O PIB grego já acusa uma queda de 6% em 2011 e este ano o prognóstico é muito mau. O desemprego ultrapassa 22% e entre jovens chega a 50%. Já há mais de 22 mil pessoas sem teto em Atenas.

Todos os componentes da procura agregada da economia grega estão em queda vertical: o salário mínimo reduziu-se em 22% (e para alguns setores a perda será de 32%). O corte da despesa pública representa outro golpe duro na procura agregada.

É evidente que a meta de reduzir a dívida grega a 160% do PIB em 2020 é irrisória. O país vai arrebentar muito antes.

O ritmo da atividade econômica na Europa continua a diminuir e a região entra numa recessão que pode ser duradoura.

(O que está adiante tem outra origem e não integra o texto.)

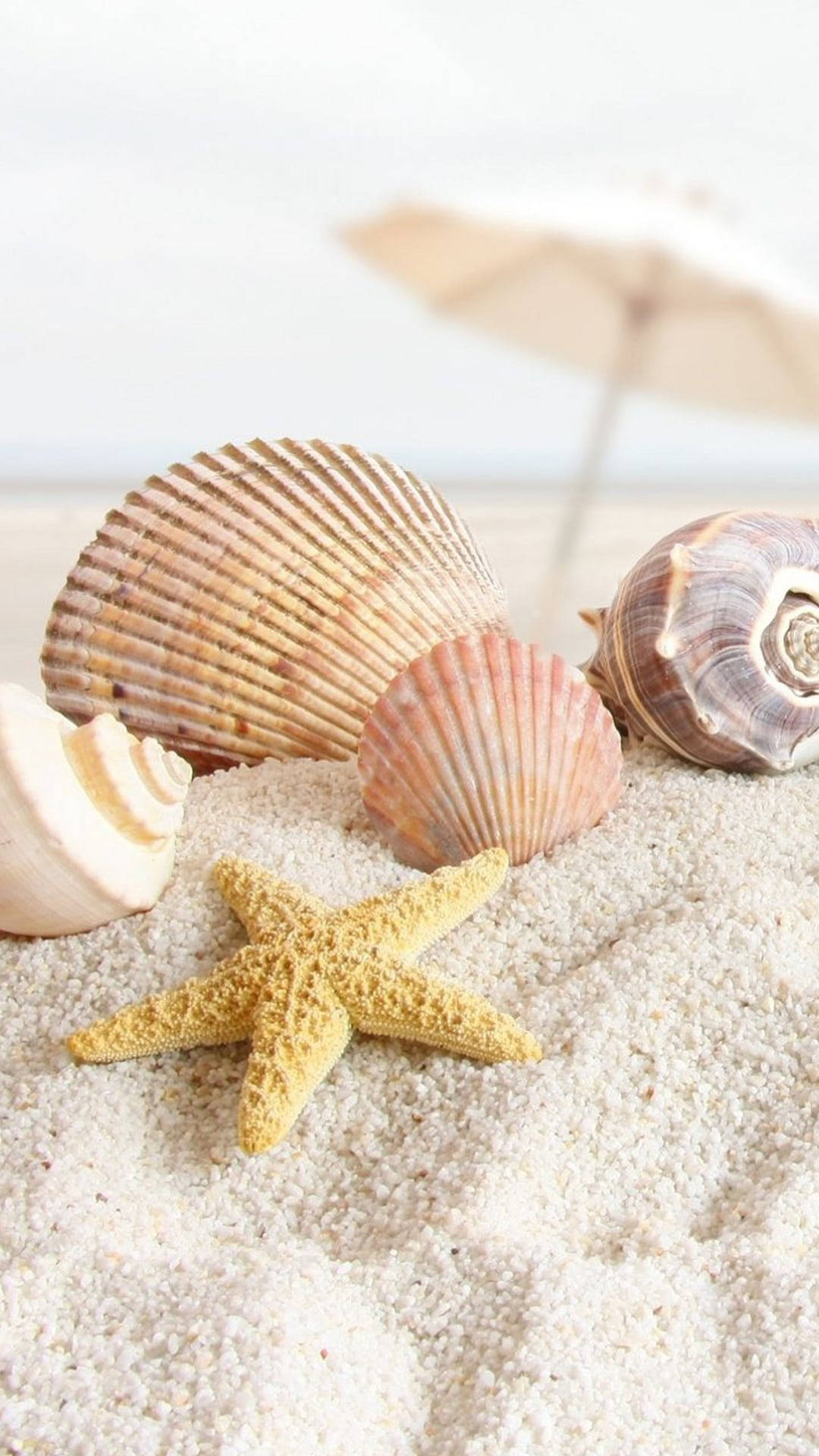iPhone 7, white sand, yellow starfish, Full HD Phone Wallpaper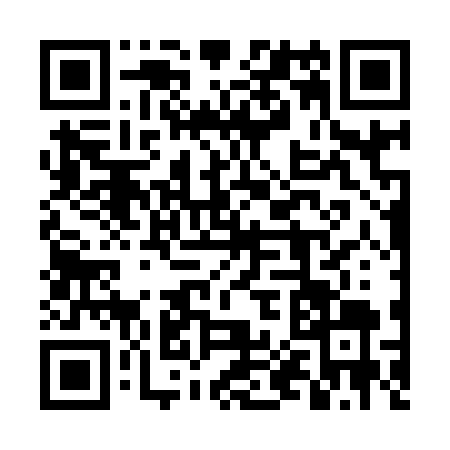 QR code for 4P2969M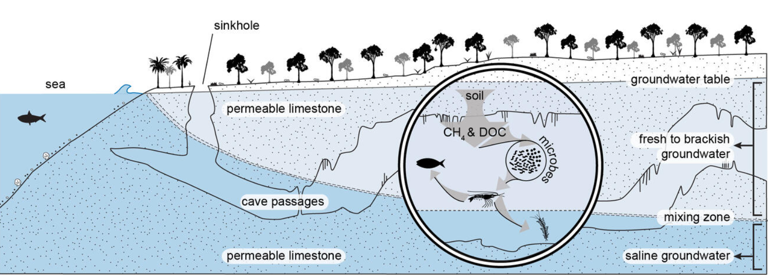 Three paths of water: The water 'web' that forms the world's longest ...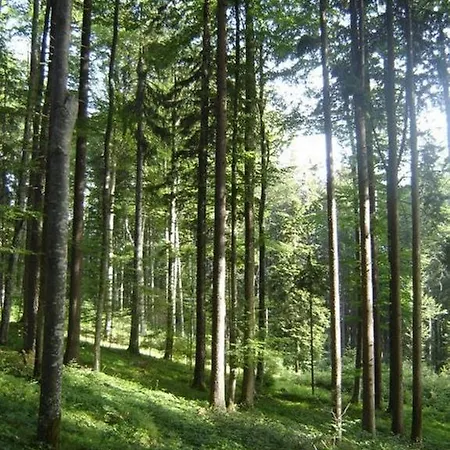 Merkantil Simenta Ilirska Bistrica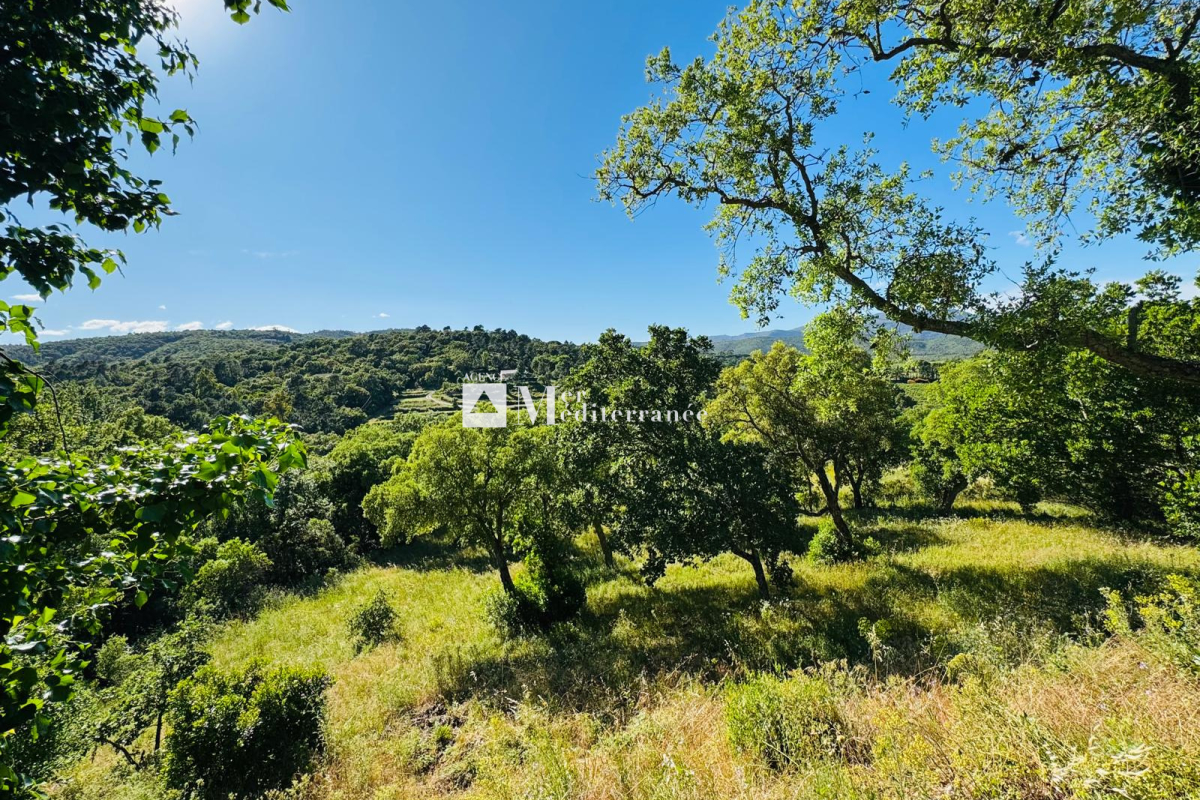 Maison de luxe à vendre à La Môle, 1 400 000 €, Photo 3
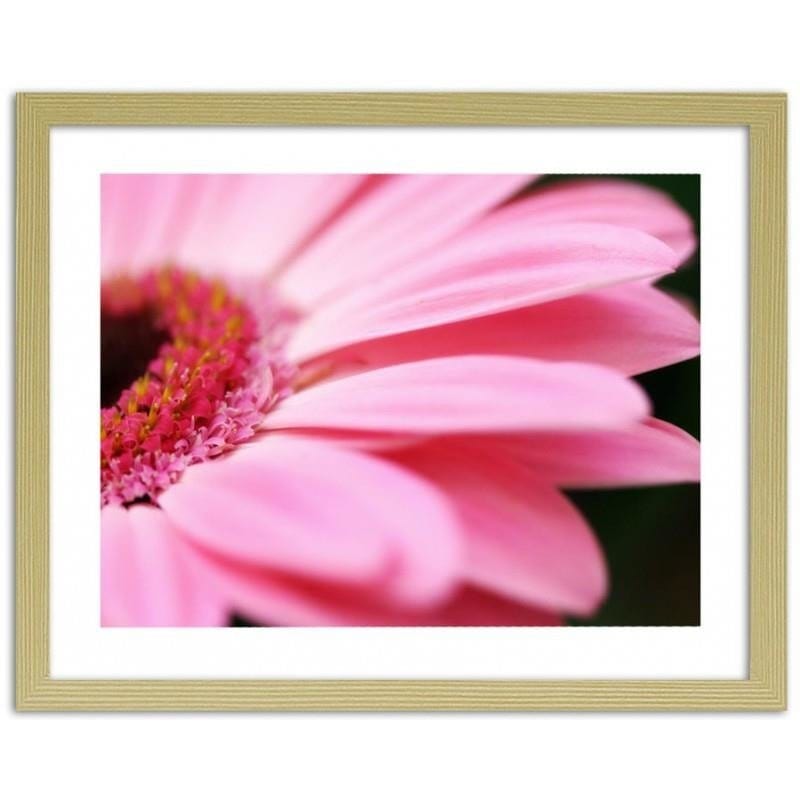 Glezna bēšā rāmī - Pink gerbera  Home Trends DECO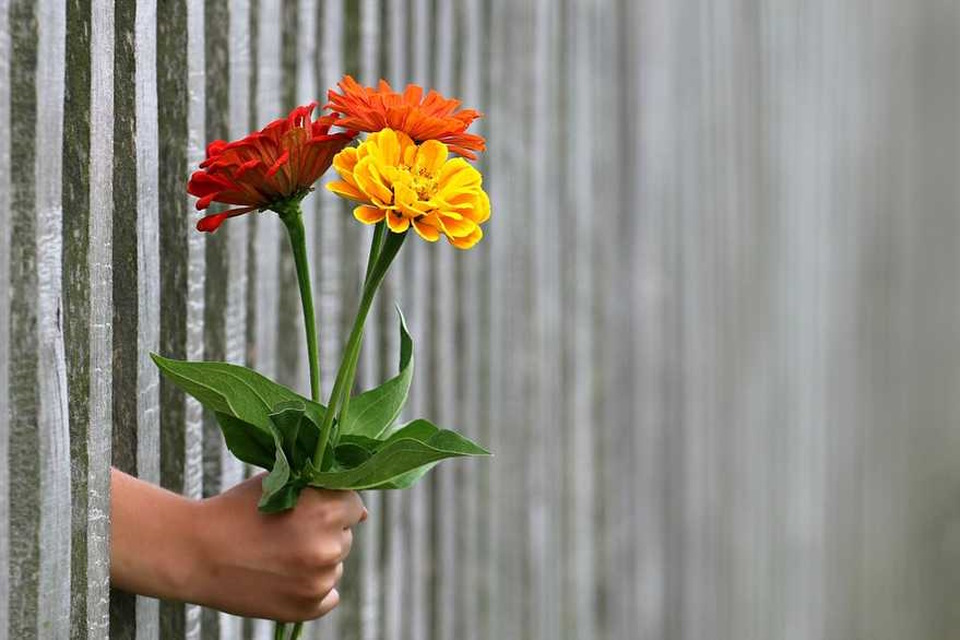 8 березня чоловіки дарують приємні подарунки жінкам. Найпопуляніші - квіти. Фото - comments.ua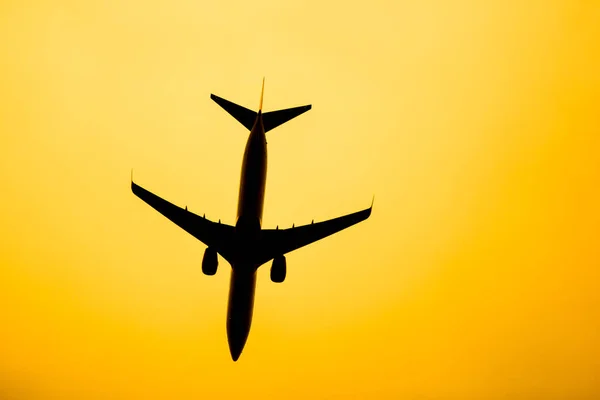 Boeing 737-900 da companhia aérea Thai Leão Air . — Fotografia de Stock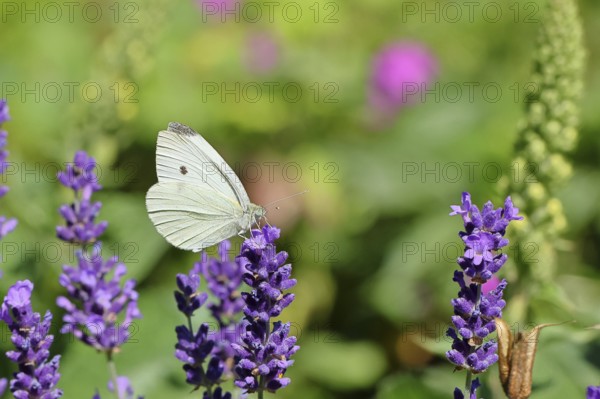 A Cabbage butterfly (Pieris brassicae) sucking nectar on the flower of true lavender (Lavandula angustifolia), in a natural environment in the wild, nice bokeh in the background, wildlife, insects, butterflies, butterflies, Wilnsdorf, North Rhine-Westphalia, Germany, Europe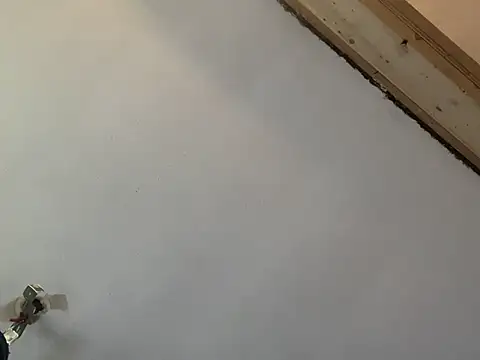 Brando2585 online show from March 2026 02:03:02 PM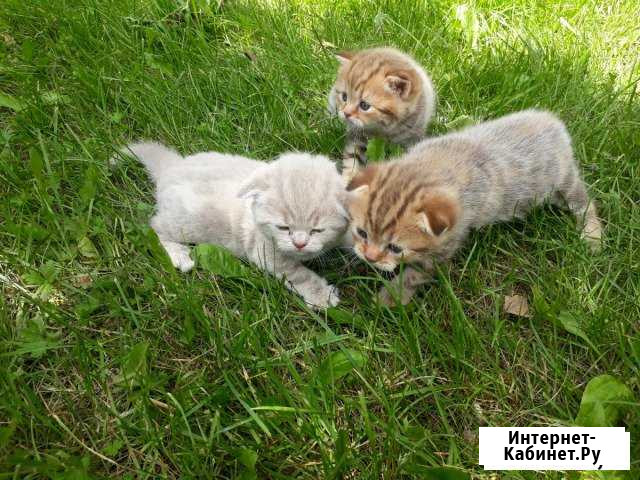 Шотландские котята Озерск - изображение 1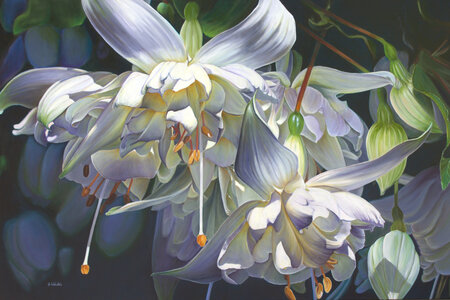 Do You Believe In Angels? by 
Grazyna Wolski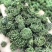 三七花颜色好泡茶中药材2斤包邮量大优惠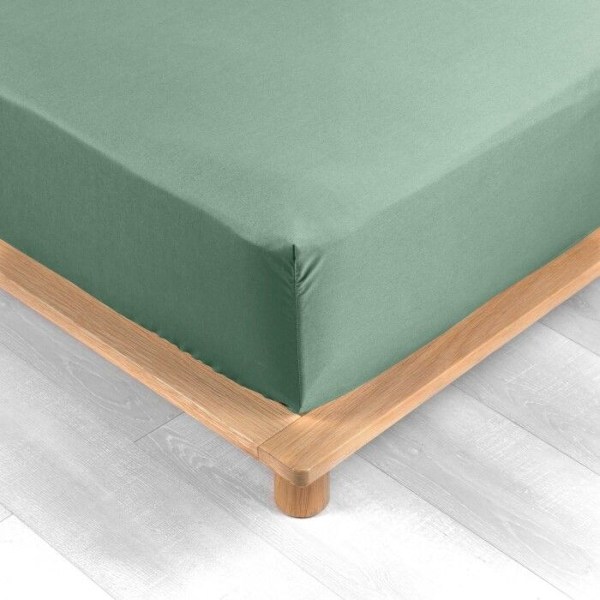 Drap housse 90x190 cm - Percale 100% bomull - DOUCEUR D'INTERIEUR - Lind - Huvud 30 cm Lind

O desemprego na União Europeia já atinge os 10,7% e é o mais alto em 13 anos. O “motores” econômicos também não vão bem: o prognóstico favorável para 2012 é que a Alemanha e França cresçam 1,2 e 1,3%, respectivamente.

A Itália e a Espanha mantêm-se mais ou menos estáveis, se levarmos em conta os “diferenciais” de financiamento da sua dívida soberana, mas essas duas economias estão claramente no umbral da uma forte recessão e isso fará que os mercados financeiros voltem a se “inquietar”. O custo financeiro da sua dívida, portanto, voltará a crescer.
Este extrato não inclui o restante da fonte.